→ **About this exercise**
Retype exactly the span of lines below from the one with "濟寧21年英菲尼迪QX508" through the one with "S/H LEUPOLD PRW". Do not include pictures.

→ **Extracted information**
== Segment start ==

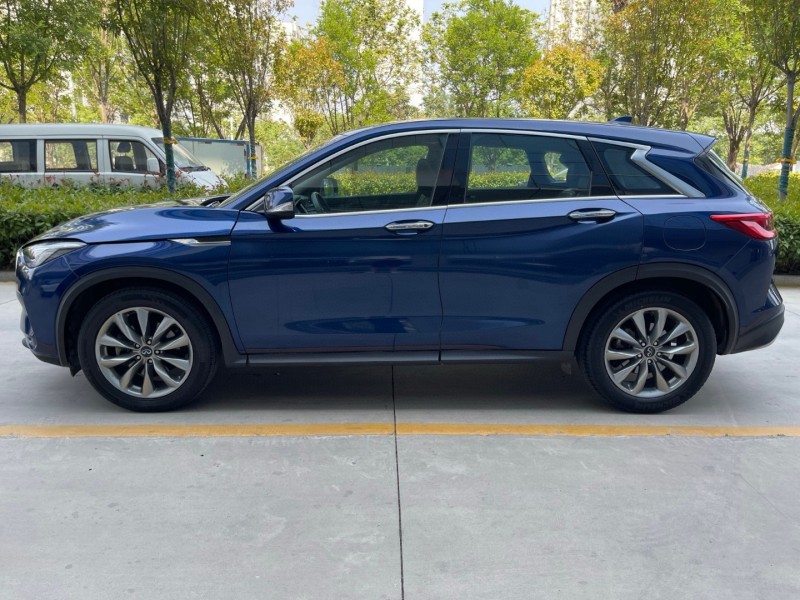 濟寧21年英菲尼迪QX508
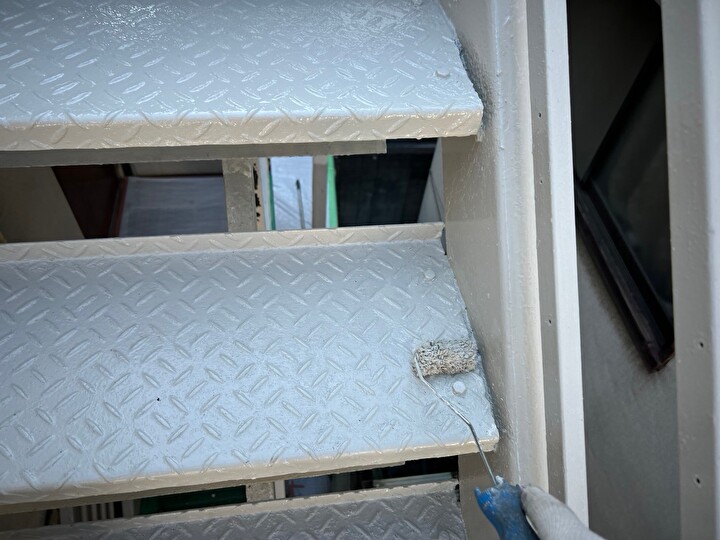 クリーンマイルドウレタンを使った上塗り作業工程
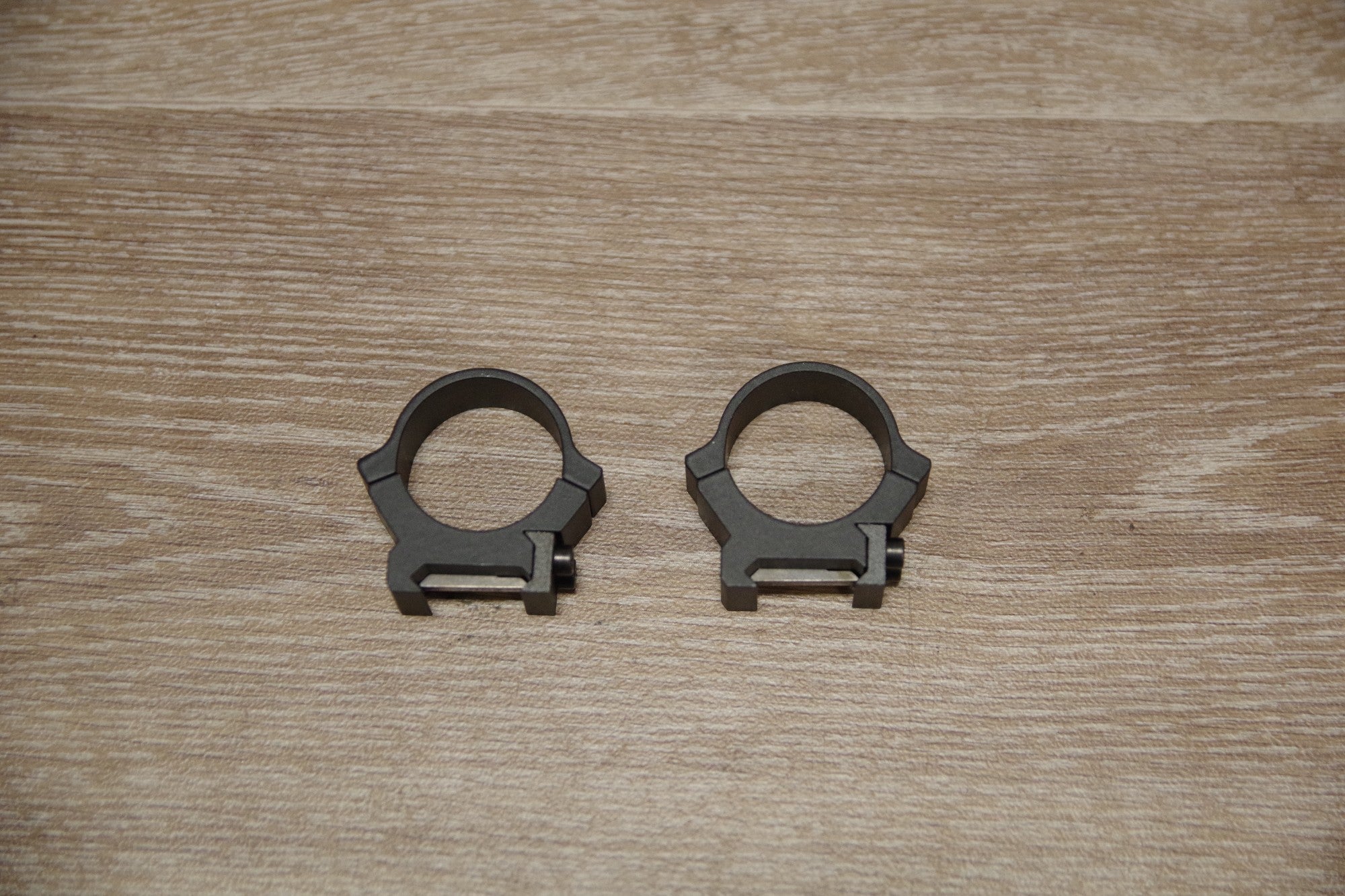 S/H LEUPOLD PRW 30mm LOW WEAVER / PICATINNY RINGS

== Segment end ==
== Segment start ==

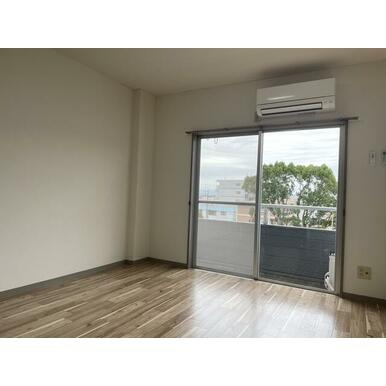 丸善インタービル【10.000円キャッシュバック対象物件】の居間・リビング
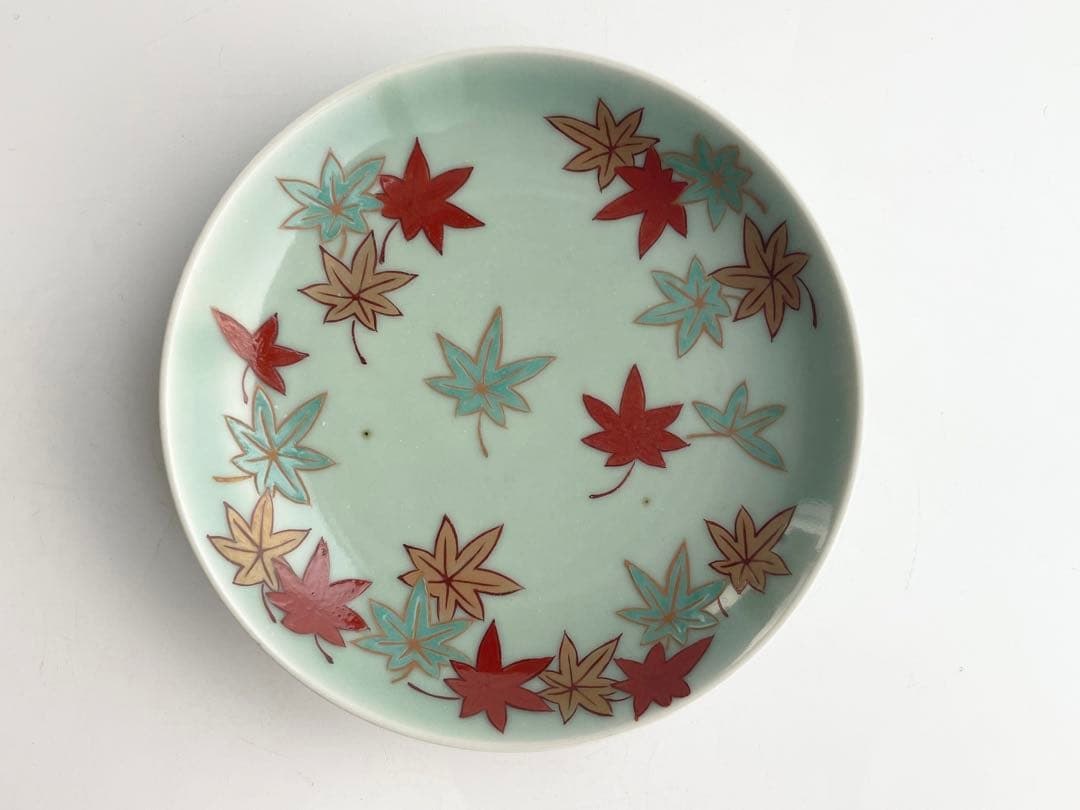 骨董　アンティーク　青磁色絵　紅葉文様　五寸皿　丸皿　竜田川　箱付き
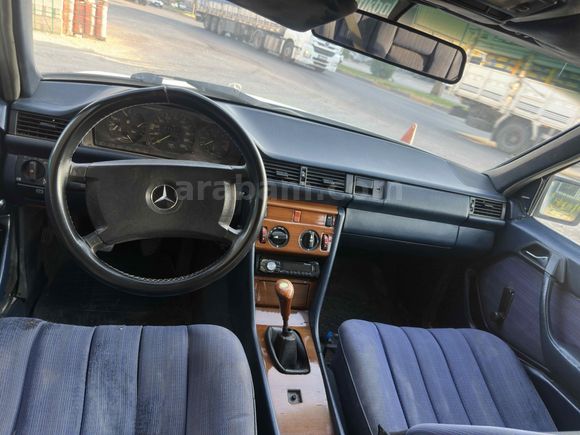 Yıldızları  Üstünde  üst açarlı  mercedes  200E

== Segment end ==
== Segment start ==

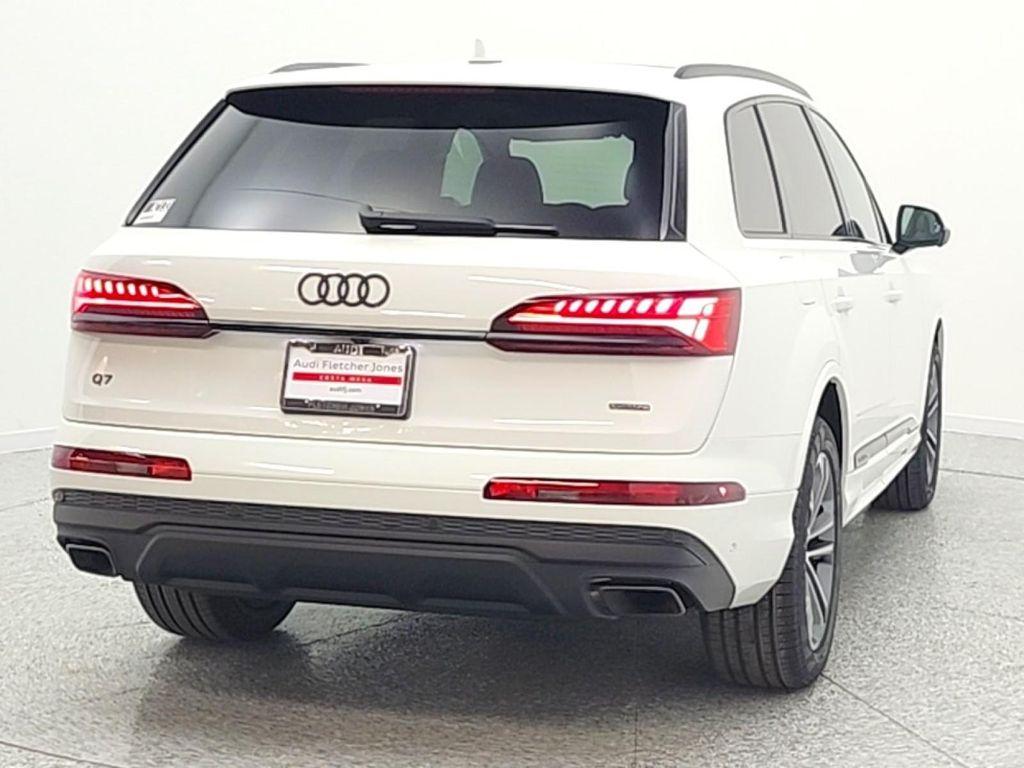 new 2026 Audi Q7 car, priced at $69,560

== Segment end ==

→ **Result**
 濟寧21年英菲尼迪QX508
 クリーンマイルドウレタンを使った上塗り作業工程
 S/H LEUPOLD PRW 30mm LOW WEAVER / PICATINNY RINGS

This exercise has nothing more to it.